#### Data supplied
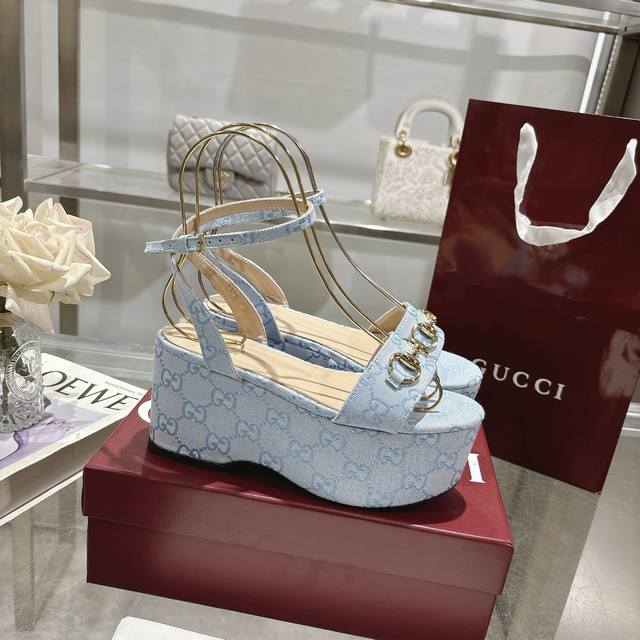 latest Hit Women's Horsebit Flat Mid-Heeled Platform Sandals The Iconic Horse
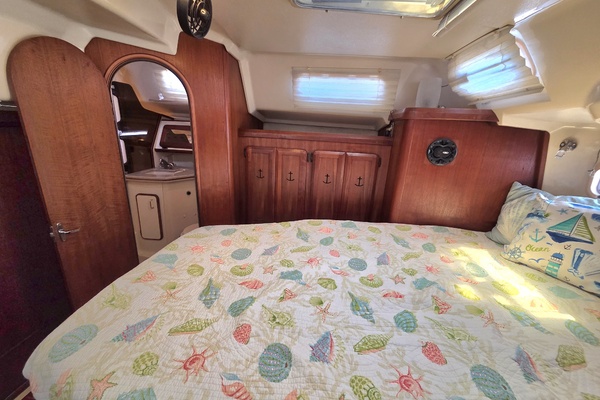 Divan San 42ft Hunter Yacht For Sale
########
#### Data supplied
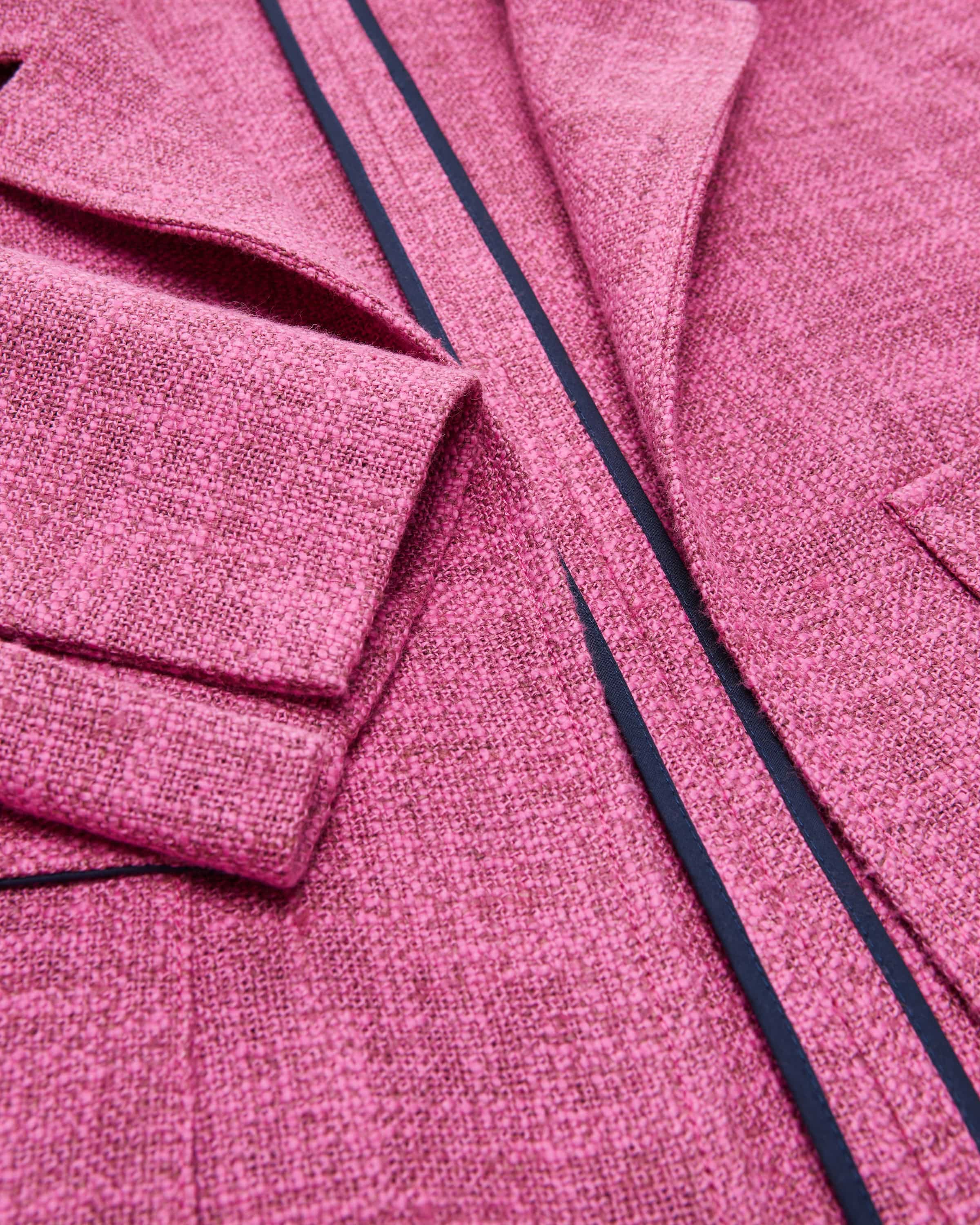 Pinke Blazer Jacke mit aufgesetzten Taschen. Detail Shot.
########
#### Data supplied
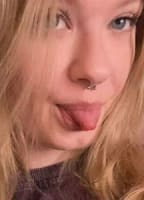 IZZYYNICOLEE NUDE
########
Task details
Set the pictures aside and reproduce exactly the lines above, from the line holding "latest Hit Women's" through the line holding "Divan San 42ft Hunter Yacht For Sale", both included, with nothing else.

Exercise result
 latest Hit Women's Horsebit Flat Mid-Heeled Platform Sandals The Iconic Horse
 Divan San 42ft Hunter Yacht For Sale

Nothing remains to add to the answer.